2.25.2011

the view from row q - high plains drifter

if, due to hazy memory or just the laziness of easy association, you think of clint eastwood's high plains drifter (1973) as just another spaghetti western, you should think again.

the paramount theater screened this film in tandem with rooster cogburn (1975) as part of a set of double features they have going on this week. tonight's was a slightly ironic pairing, as john wayne apparently held drifter in extremely low esteem. he told eastwood that the film "did not represent the true spirit of the american pioneer, the spirit that made america great". well, as far as i am concerned, those two phrases express vastly different sentiments. if he had said that it wasn't flattering, though, he would have been right on the money.

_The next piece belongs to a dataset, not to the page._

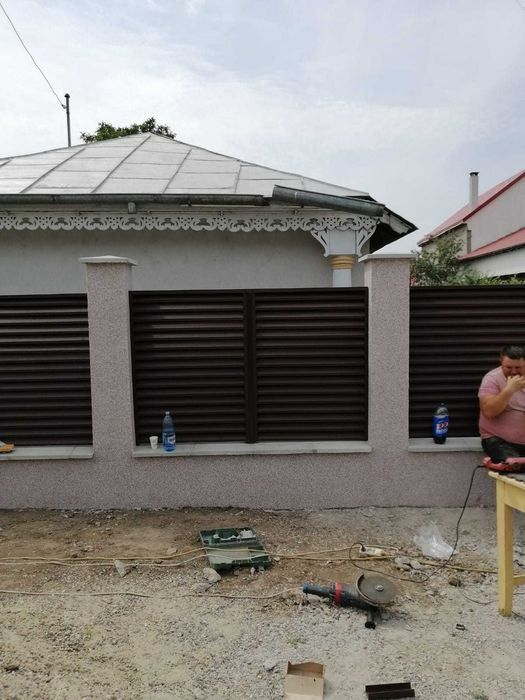 Garduri si porti din panou stil jaluzea de diferite modele la comanda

it begins with eastwood as an apparition, fading into view through the waves of heat given off by the scorched desert. a solitary rider on a pale horse, he makes his way down from the mountains, through the graveyard on the edge of town and into the heart of a godforsaken village named lago. the name is appropriate enough, as it a lakeside hamlet, but i have to wonder if it also a nod to the lago d'averno in naples, which dante characterized as the entrance to hell. with all that time spent with sergio leone, it's not outside the realm of possibility that clint picked up a little local color.

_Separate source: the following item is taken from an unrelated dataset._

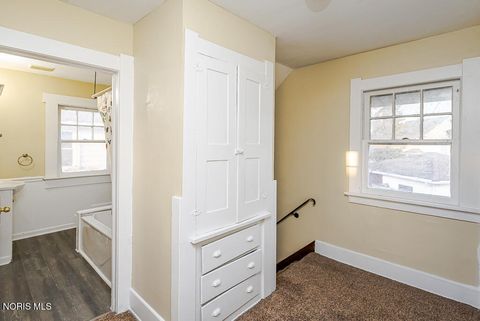 Tiny photo for 855 Brighton Avenue, Toledo, OH 43609 (MLS # 10004828)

it would also be in keeping with the less than subtle symbolism on display throughout the picture. this is a brazen and obvious film on most levels. it's wrathful and has no time for subtlety, very old testament. this version of "the man with no name" wastes no time making his presence felt. he inspires an almost supernatural level of fear and curiosity in the townsfolk and in about as much time as it takes to hitch up his horse, get a drink and sit down in the barber's chair, he has killed three men and raped a woman. it's the treatment of the latter crime that i think is still one of the most misunderstood things eastwood ever committed to film. i see an awful lot written about how the dodgy sexual politics of the rape with the accompanying "she didn't seem to fight it too much" attitude are just in keeping with the less enlightened tenor of the times. i think this is far off the mark. i think that comes from still wanting to view eastwood as a vengeful ghost seeking justice, amoral at worst. well, forget about it. he is trying to make you understand that he is the devil here, as manipulative, disruptive and malevolent as can be. quit trying to make him out to be an antihero based on what you've seen him in before. he's practically daring you to despise him, making you complicit in the debauchery if you don't. look beyond the clint you're comfortable with. see the bigger, uglier picture.

it's the picture that john wayne wasn't ready to accept. the townsfolk want to hire him to protect them from a trio (trinity?) of bad guys that used to wear the mantle of protector he is being offered, until they outstripped their usefulness and were unceremoniously shipped off to a territorial prison. he relents once they make the offer of anything he wants with "no reckoning". now they are speaking his diabolical language. they are craven cowards, so desperate to avoid reaping what they've sown that they will resort to ignoring murder and rape and handing over the run of their town to this mercenary who immediately turns things upside down for nothing more than anarchic glee of it all. he installs the town dwarf as sheriff and mayor and begins "training" them to protect themselves with exercises that are nothing more than charades underlining how foolish and incompetent they are. it's also not enough that they are weak, childish, cowardly and incapable. we also learn, through a set of dream/flashback sequences, that they are also harboring a terrible secret that may have provided the otherworldly impetus for this stranger's arrival in the first place. there is almost no one worthy of redemption here and eastwood is certainly no redeemer. he is here to have what he wants, damn the hindmost. damn the foremost while you're at it. damn the whole thing. just paint everything red, "especially the church", and remove all doubt that hell has come to town.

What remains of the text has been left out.